Data items:
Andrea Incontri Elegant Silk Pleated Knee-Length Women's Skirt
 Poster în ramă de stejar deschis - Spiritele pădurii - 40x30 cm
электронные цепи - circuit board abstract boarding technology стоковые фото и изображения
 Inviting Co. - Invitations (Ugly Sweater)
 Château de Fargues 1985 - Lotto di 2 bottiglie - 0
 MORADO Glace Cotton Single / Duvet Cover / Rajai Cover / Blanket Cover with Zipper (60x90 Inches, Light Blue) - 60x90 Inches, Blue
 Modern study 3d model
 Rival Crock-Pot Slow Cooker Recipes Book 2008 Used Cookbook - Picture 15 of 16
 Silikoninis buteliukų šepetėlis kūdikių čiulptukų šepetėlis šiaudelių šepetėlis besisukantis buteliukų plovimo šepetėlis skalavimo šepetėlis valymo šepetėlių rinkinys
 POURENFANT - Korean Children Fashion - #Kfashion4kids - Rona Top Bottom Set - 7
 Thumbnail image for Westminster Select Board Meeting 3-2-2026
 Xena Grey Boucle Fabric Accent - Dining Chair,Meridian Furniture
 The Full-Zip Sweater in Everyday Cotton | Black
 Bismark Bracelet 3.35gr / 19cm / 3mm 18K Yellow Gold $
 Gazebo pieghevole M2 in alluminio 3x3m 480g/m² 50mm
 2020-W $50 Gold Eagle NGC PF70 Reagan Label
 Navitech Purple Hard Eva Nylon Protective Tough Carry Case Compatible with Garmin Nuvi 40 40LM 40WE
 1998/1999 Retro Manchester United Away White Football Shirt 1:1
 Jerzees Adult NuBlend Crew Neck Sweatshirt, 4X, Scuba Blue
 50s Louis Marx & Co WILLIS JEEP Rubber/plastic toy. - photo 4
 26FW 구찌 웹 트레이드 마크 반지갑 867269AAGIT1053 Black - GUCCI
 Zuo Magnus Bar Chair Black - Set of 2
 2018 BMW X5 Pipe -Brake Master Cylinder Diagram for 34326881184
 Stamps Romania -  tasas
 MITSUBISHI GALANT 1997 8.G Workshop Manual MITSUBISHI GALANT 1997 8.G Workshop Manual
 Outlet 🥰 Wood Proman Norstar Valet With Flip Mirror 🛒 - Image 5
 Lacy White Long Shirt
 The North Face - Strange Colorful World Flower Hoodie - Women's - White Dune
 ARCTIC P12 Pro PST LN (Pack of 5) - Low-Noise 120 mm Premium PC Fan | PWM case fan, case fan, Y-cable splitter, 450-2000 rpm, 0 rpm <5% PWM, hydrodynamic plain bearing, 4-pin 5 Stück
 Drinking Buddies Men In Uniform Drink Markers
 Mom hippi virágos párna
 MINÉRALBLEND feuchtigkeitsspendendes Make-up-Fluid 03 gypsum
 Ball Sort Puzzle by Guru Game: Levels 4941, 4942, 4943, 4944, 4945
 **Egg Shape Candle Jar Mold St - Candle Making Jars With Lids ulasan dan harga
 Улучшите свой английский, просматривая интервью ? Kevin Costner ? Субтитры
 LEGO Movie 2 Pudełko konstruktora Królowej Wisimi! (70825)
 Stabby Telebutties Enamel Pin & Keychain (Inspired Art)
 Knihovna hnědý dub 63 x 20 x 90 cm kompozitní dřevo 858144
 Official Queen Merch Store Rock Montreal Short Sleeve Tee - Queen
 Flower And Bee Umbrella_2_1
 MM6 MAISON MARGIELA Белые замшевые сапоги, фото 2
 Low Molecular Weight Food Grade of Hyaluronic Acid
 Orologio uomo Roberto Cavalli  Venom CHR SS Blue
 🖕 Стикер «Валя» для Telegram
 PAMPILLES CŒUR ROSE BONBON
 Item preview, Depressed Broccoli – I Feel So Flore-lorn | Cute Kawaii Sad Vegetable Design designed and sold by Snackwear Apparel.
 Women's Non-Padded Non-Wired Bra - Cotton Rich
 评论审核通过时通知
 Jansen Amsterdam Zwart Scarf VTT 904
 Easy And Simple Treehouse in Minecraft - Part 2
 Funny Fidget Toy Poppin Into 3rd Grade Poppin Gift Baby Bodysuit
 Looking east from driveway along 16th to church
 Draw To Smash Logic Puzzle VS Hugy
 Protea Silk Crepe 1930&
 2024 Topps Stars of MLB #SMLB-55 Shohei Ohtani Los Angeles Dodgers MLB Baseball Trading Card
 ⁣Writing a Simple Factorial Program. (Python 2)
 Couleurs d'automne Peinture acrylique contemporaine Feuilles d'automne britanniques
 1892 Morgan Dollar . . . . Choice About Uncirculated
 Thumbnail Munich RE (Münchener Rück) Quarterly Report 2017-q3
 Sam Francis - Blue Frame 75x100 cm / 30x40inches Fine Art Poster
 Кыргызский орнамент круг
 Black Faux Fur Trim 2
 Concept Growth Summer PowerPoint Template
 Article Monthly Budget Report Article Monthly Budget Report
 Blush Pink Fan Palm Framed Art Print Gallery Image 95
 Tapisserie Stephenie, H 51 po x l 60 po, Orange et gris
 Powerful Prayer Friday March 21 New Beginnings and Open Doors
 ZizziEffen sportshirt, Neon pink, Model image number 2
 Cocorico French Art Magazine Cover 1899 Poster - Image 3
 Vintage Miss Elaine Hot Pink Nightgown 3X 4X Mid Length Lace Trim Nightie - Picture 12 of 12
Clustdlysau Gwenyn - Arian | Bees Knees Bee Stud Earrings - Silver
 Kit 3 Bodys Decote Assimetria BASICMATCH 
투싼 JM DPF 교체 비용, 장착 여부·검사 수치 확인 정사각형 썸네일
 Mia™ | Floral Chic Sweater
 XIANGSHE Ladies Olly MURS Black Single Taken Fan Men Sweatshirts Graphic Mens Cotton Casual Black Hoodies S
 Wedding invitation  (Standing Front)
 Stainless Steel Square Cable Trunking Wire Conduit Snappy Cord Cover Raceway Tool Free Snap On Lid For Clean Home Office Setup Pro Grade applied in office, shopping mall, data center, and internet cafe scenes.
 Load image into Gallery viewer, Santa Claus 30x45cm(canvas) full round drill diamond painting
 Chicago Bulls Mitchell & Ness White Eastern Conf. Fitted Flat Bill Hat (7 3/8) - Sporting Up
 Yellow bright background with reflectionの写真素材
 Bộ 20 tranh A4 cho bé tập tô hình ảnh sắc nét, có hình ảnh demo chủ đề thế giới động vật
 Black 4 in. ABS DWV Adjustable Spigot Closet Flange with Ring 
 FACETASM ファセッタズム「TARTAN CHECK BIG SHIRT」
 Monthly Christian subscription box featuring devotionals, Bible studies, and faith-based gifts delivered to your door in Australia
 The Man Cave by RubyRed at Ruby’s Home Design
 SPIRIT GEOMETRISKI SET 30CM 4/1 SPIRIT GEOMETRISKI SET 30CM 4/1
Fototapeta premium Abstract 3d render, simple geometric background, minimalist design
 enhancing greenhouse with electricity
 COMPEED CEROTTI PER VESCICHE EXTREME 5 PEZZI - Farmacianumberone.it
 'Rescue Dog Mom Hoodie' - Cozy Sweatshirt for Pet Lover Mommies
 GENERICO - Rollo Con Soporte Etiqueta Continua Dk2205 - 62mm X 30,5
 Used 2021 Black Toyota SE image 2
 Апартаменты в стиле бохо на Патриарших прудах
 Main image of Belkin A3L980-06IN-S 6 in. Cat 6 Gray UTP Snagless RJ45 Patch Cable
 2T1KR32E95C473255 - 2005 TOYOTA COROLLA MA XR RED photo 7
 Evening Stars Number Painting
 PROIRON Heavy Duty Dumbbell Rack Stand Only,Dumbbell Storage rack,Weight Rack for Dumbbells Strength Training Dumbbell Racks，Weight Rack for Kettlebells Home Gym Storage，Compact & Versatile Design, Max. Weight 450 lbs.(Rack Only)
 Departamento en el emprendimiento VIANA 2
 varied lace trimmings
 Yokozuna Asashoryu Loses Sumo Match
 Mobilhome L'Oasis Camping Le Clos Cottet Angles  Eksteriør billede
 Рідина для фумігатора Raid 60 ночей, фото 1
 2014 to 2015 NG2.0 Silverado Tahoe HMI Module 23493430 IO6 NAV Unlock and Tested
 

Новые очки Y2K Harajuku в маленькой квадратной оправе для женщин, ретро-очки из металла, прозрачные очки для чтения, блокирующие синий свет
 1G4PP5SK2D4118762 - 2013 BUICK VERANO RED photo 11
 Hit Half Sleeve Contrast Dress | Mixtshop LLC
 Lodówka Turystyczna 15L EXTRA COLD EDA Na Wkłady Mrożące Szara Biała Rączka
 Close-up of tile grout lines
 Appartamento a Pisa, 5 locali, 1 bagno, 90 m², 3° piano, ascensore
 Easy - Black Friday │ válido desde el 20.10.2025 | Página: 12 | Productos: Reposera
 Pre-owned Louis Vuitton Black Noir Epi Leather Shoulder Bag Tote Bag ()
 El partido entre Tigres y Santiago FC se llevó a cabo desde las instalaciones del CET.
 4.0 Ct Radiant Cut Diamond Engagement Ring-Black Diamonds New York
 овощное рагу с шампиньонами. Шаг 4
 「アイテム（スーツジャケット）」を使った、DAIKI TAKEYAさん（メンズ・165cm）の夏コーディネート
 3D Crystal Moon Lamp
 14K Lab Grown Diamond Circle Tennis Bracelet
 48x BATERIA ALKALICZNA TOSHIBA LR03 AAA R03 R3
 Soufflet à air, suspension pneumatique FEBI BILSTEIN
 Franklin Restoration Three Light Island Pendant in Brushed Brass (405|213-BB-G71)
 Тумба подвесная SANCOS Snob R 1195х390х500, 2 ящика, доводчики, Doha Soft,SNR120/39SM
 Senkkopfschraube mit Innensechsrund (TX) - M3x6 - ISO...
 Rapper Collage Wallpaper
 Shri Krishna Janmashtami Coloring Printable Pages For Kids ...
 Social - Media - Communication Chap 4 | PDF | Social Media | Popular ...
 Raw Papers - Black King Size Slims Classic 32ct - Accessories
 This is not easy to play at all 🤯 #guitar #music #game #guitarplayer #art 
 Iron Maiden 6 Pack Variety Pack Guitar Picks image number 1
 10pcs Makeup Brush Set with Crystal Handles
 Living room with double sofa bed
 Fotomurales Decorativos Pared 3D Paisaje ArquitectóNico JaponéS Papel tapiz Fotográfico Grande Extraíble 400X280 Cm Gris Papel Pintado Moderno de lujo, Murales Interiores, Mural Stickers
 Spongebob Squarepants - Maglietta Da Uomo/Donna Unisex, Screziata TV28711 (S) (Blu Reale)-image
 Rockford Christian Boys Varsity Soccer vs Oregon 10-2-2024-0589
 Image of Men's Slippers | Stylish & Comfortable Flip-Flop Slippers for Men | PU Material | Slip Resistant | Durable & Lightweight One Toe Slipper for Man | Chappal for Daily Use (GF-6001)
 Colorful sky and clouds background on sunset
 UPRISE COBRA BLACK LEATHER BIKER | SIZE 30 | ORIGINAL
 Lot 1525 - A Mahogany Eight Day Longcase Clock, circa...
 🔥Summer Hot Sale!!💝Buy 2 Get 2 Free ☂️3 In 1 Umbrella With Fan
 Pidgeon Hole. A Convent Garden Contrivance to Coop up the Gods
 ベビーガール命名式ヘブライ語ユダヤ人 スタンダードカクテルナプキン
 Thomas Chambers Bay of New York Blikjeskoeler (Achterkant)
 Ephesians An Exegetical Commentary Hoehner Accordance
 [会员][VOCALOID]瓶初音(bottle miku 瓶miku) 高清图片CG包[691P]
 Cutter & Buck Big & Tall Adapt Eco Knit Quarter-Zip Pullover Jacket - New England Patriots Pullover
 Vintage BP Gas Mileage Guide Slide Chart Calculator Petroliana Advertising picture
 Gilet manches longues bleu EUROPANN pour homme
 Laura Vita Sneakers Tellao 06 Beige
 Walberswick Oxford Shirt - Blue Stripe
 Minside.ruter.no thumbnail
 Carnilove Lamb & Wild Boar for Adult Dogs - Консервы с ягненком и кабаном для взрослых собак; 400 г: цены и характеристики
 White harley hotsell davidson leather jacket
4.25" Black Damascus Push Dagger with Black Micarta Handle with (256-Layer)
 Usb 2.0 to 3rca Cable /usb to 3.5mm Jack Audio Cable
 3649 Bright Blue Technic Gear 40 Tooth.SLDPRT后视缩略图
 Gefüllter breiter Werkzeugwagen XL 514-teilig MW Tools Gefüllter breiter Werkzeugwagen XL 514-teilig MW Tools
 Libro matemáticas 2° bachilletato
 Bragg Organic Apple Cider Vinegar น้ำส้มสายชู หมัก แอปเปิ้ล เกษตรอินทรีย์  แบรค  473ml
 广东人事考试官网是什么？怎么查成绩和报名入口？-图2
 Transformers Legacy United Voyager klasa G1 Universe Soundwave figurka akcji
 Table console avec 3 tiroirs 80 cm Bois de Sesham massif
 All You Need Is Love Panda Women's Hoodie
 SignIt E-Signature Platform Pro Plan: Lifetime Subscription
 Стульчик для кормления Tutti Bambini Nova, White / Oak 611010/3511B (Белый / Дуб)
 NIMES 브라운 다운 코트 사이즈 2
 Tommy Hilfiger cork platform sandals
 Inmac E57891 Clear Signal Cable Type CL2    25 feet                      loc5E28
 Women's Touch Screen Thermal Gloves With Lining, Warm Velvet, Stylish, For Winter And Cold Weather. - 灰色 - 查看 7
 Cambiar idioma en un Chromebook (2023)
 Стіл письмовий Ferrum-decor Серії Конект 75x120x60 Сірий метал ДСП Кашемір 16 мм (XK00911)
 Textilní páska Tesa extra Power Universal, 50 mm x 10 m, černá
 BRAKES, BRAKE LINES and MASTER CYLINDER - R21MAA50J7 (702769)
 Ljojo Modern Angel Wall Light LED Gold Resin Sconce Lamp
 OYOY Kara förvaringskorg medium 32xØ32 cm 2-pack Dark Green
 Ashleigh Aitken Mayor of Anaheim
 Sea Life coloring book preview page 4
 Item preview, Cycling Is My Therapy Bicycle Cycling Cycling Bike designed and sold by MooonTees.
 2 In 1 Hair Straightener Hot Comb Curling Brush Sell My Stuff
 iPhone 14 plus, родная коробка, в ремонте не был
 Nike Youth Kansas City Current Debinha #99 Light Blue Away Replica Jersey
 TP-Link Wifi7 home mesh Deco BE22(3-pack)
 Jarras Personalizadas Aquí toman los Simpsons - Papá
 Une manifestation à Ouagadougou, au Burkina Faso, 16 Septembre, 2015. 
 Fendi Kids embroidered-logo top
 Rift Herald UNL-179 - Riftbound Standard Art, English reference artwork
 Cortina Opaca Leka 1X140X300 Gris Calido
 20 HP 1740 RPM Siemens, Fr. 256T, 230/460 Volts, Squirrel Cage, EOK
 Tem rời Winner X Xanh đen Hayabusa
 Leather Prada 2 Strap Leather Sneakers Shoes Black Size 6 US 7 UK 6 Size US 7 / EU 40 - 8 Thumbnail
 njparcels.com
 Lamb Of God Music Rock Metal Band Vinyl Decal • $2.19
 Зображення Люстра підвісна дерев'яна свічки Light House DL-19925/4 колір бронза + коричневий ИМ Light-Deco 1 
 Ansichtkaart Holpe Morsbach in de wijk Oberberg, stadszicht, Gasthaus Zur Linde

--- Exercise objective ---
Return the lines above that include the string "White".

--- Exercise result ---
 1998/1999 Retro Manchester United Away White Football Shirt 1:1
 Lacy White Long Shirt
 The North Face - Strange Colorful World Flower Hoodie - Women's - White Dune
 Chicago Bulls Mitchell & Ness White Eastern Conf. Fitted Flat Bill Hat (7 3/8) - Sporting Up
 White harley hotsell davidson leather jacket
 Стульчик для кормления Tutti Bambini Nova, White / Oak 611010/3511B (Белый / Дуб)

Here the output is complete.